Standup Comedy Analysis
Overview
This project uses NLP techniques in text preprocessing - tokenization, lemmatization, Part-of-Speech tagging and TF-IDF Vectorizer. Sentiment analysis is performed to filter data and an ensemble classifier is used to model funniness. Results are displayed interactively using Streamlit. I encourage you to view the presentation slides (it’s nicely crafted) for a deep dive of our thought process and steps in the project.
Key Techniques : Natural Language Processing
Links :
Main Challenges
- Using the appropriate techniques with good reasonings behind our deceisions in text preprocessing - organizing the document-term matrix using TF-IDF instead of CountVectorizer, custom word tokenizer (custom stopwords list and lemmatize using POS tagging), implement TextBlob instead of Vader for sentiment analysis due to lower computational cost.
- Determine our own funniness formula for target labelling : Funny Score = 0.55*laugh + 0.25*applaud + 0.20*cheer
- Instead of using one model, we use a voting (ensemble) classifier with Random Forest, AdaBoost and Gradient Boosting for prediction. To attain optimal performing models, we used GridSearchCV to conduct hyperparameter tuning.
My Contributions
- I was mainly in charge of text-preprocessing tasks using NLP techniques (main challenge first bullet point) and assisted on the model evaluation.
- I created a Streamlit dashboard to for interactive presentation (audience can scan QR code to try out the model).
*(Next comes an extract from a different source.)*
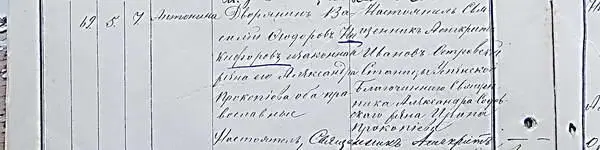 3311 Май 5 Антонина родители дворянин Василий Феодоров Никифоров и - фото 281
The app consists of interactive EDA, model performance, and demo of our project (input live transcript to determine funniness score).
Tech Stack
Python libraries - Beautiful Soup, NLTK, spaCy, TextBlob, Scikit-Learn, Matplotlib, Seaborn, Streamlit
Outcome & Impact
This project was my first NLP project in class. I gained a deeper understanding of language preprocessing which thereafter motivated me to take a higher level NLP class during student exchange.